As often occurs with emerging technologies, there has been an initial flurry of activity,
during which it was difficult for standardization efforts to keep up with the fast-breaking
developments. Such was the case for standards under the jurisdiction of Committee E-28.
Many labs jumped at the first opportunity to cut costs and improve repeatability and reproducibility through automation, even if they had to use nonstandardized procedures to
do so. This has complicated the task of standardizing, because no matter what is balloted,
there is a good chance that it will contradict a procedure already in use and will therefore
draw negative votes.
Hopefully, the initial flurry of activity has now subsided enough that the '90s can be a
decade of maturing and standardization of automated test procedures. To help achieve this
goal, we present in this STP nine technical papers on the automation of mechanical testing.

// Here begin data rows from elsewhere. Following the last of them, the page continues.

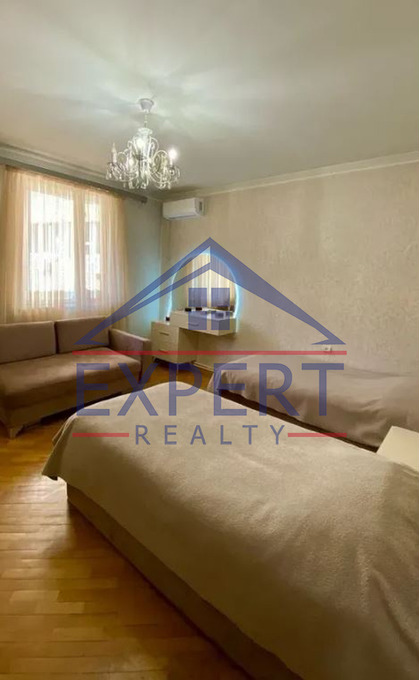 ԱՐԱԲԿԻՐ, ԿՈՄԻՏԱՍԻ ՊՈՂՈՏԱ, 4 ՍԵՆՅԱԿ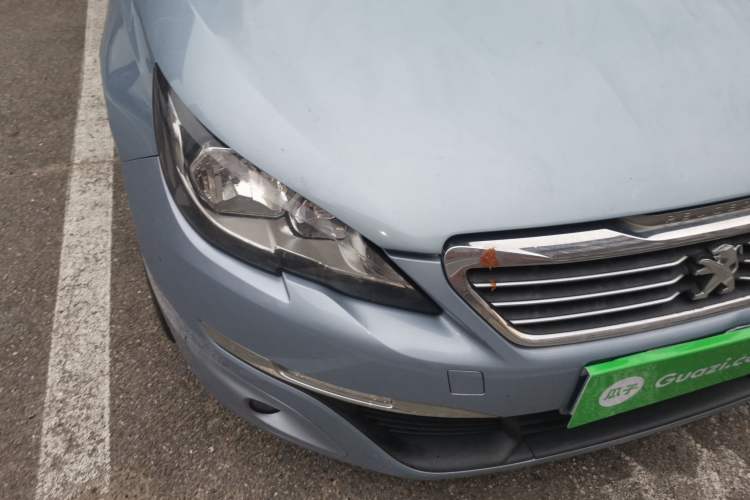 Used Peugeot 308S 2015 1.2T Automatic Jingchi Edition Right Front Headlight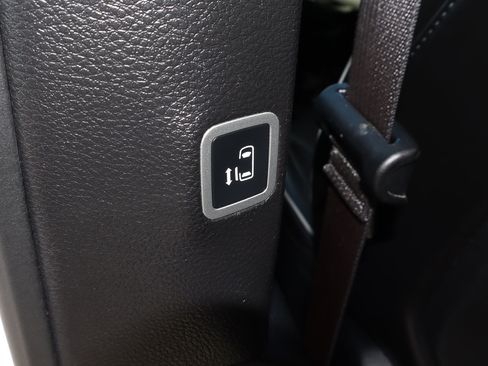 Used 2025 Chrysler Pacifica Limited image 19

The first five form a primer for those preparing to implement automated testing. These
papers consist of information obtained "the hard way"--from experience with automation
projects. Beginning with the fifth, which fits into both categories, the papers focus on specific
technical issues and topics, many of which affect or need to be addressed by ASTM standards.
What Do We Mean by Automation?
We begin with a paper from Ruth which discusses what the term "automation" actually
means. The author points out that this term has been applied over the years to many hardware
advances that have decreased human involvement. (For our purposes, an automated test is
loosely defined herein as one that is computer-controlled and that uses specialized hardware
and software to ensure that little operator intervention, if any, is required.)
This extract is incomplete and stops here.